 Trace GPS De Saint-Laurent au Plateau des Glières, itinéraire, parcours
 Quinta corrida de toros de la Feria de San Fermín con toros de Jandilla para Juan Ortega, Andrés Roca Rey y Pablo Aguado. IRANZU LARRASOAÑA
______
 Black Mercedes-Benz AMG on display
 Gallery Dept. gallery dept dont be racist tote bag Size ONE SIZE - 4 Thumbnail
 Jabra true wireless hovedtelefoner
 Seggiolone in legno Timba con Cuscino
______
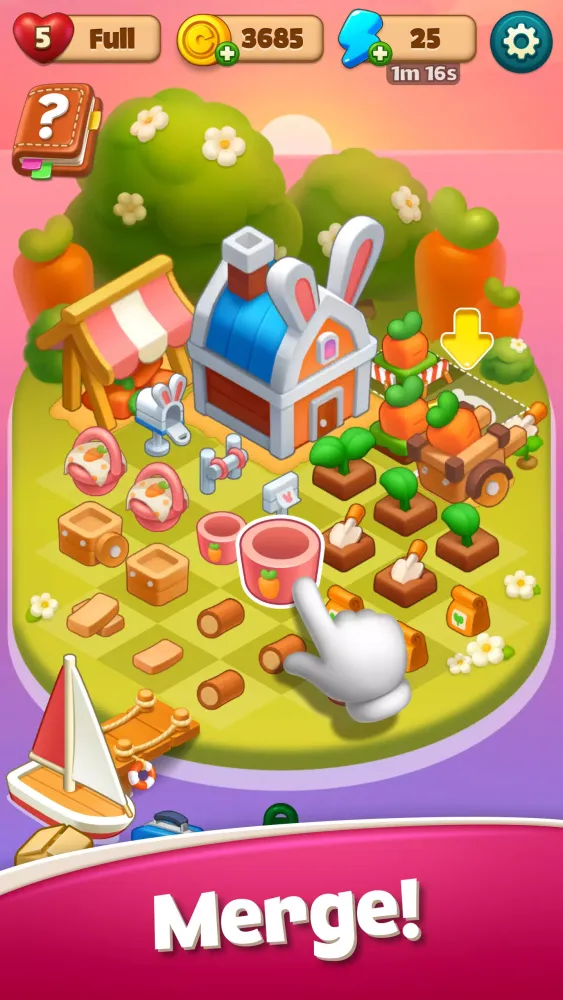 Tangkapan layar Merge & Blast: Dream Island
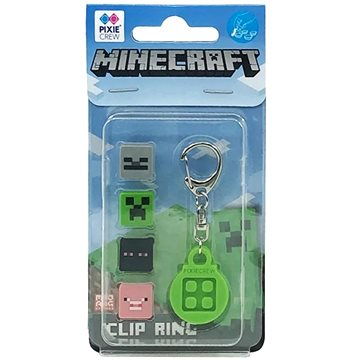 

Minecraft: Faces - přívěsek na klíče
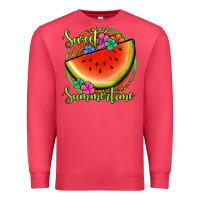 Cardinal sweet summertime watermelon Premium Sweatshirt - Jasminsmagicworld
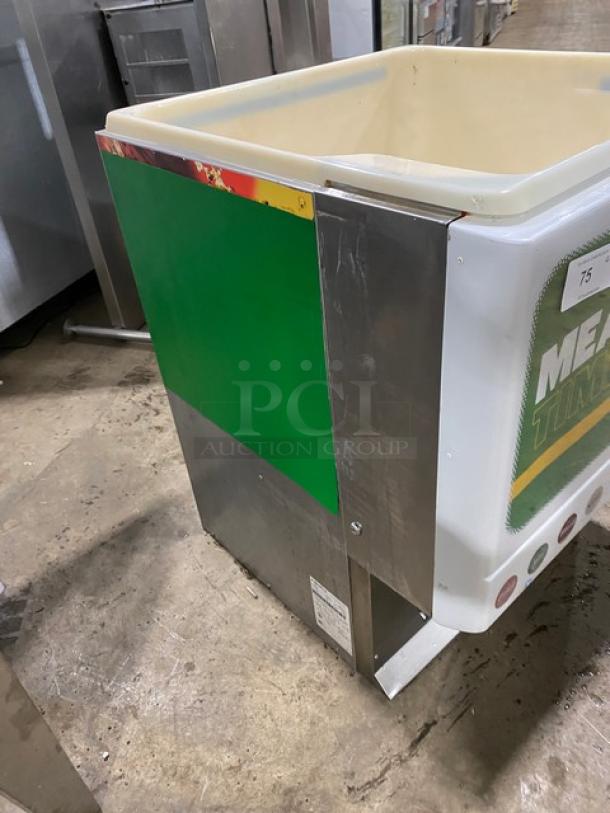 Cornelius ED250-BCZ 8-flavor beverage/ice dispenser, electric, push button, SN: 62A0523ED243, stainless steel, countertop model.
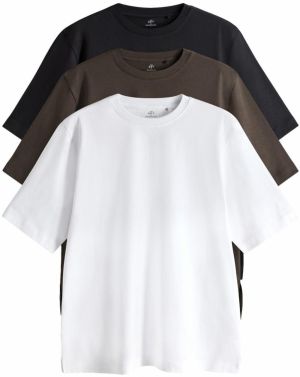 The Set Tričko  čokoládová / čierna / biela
______
WHAT YOU ARE ASKED TO DO
Taking the records above, retype every line from the one with "Trace GPS De" down to the one with "Quinta corrida de", exactly and with nothing else.

OUTPUT
 Trace GPS De Saint-Laurent au Plateau des Glières, itinéraire, parcours
 Quinta corrida de toros de la Feria de San Fermín con toros de Jandilla para Juan Ortega, Andrés Roca Rey y Pablo Aguado. IRANZU LARRASOAÑA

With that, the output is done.